Evil Dead Trap (1988)
Posted by monsterhunter on Sunday Dec 21, 2008 Under All Reviews, Horror, Japanese Cinema, Sleaze
Nami is the host a late night talk show and one of the segments they do is to feature home videos that their fans send in. It shouldn’t come as any big surprise that the kind of people who would stay up real late to watch an ugly Japanese woman do a talk show, might be a chopstick shy of a pair, if you catch my meaning. One of the viewer submitted tapes shows someone going through the city and ending up at an abandoned factory where a woman is tortured and killed. To establish that this is one of those “over the top” movies we get a nice long, loving shot of a knife going into her eyeball. Nami is horrified and does what any of us would do. She gets four members of her crew together and they follow the landmarks that were on the video tape and go to the abandoned factory.
They get there and it’s abandoned and Nami immediately decides that they should split into groups of two, two, and one. Don’t they get slasher movies over in Japan or is it all fire-breathing dinosaurs and flying turtles? Since they’re split up, this allows the group of two comprising a female and the male to get it on! Yes, you would have thought you were watching one of the classic Friday the 13th installments if it wasn’t for the ugly Japanese people with late eighties hair replacing the ugly American people with early eighties hair.

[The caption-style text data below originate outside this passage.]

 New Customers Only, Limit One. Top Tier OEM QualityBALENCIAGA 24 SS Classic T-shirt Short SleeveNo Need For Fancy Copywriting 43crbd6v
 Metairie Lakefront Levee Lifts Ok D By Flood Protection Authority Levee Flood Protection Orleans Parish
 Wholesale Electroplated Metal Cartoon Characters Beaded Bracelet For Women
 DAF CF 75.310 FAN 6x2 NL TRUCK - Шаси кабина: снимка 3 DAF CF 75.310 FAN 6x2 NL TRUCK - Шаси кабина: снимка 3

Because this movie is cutting edge and quite the trailblazer, they don’t get killed in the act. They get killed later. I should also note that this “news crew” Nami has assembled consists of maybe one or two people with regular old cameras. You’re going in search of a depraved killer and you don’t take a video camera or at least tape recorder and microphone? Come on! He may grant you an exclusive!

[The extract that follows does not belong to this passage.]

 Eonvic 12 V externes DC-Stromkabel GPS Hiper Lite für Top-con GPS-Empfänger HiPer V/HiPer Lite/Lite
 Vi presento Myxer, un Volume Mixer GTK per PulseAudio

The movie then spends the rest of the time killing off everyone but Nami. Along the way Nami runs into a whole bunch of TVs with her image, just in case none of us caught on that the reason this idiot sent the snuff film was because he was obsessed with Nami. While Nami is milling around the warehouse waiting for really gross stuff to happen to her friends, she runs into a guy dressed in black, who eventually tells her that he and his brother, Hideki, used to play in this place as kids and that he’s looking for his little brother now.

Nami gets help escaping the warehouse and she gets ready to leave (all her friends have disappeared at this point), but then she sets her face in a grimace, takes a swig of some soda left in the SUV, ties her hair up in a bun, grabs a flashlight and heads back into the warehouse! ARRRGHH! I’m sure the filmmaker wanted to show that this experience empowered her (too bad it was at the cost of four of her friends’ lives), but this isn’t some kind of Terminator 2 thing going on here. Sarah Connor was trying to save the future and she went into serious training. Nami is just going back into a warehouse that if no one ever went in again, the killings would probably stop since Hideki has already moved in and wouldn’t want to break the lease.

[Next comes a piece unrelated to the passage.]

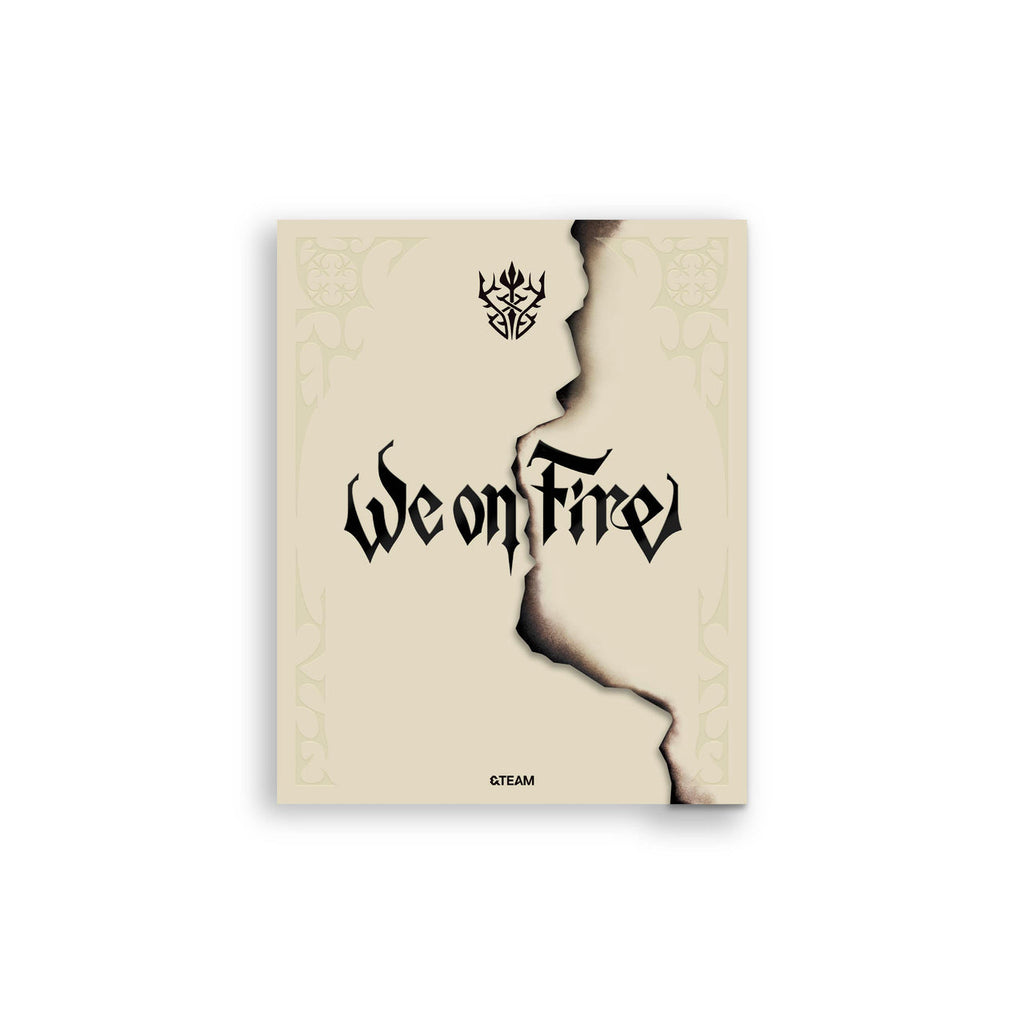 &TEAM - 3rd EP 'We on Fire' (Limited Edition ver.)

The movie lost whatever momentum and mounting terror it had at this point. It is suspenseful when someone is trying to survive an evil dead trap (whatever that is), but once you survive and make it out, it’s over. If you make it out safely and then go back in, I’m jumping ship and I’m hitching my bandwagon to the killer because you don’t deserve to live, but I know you will, because that’s what always happens in these cruddy slasher flicks.

Once back inside the warehouse, she finds the killer’s lair and it turns out he has a mother fixation and sees Nami as some type of mother substitute. There is a confrontation and the film then rolls out the old parasitic twin gag and bottoms out with a nonsensical shock ending.
The movie is an overrated jumble of slasher cliches. You have nice, fancy camera work and elaborately staged death scenes to distinguish it from the rest of the murderous freak movies out there, but the movie isn’t about much of anything and it is basically just a slice and dice flick with some Japanese flavoring. If you lower your expectations and don’t mind watching a derivative, but fast paced splatter movie that has a better than average look, both you and the psychotic vestigial fetus festering in your brain will be mildly satisfied.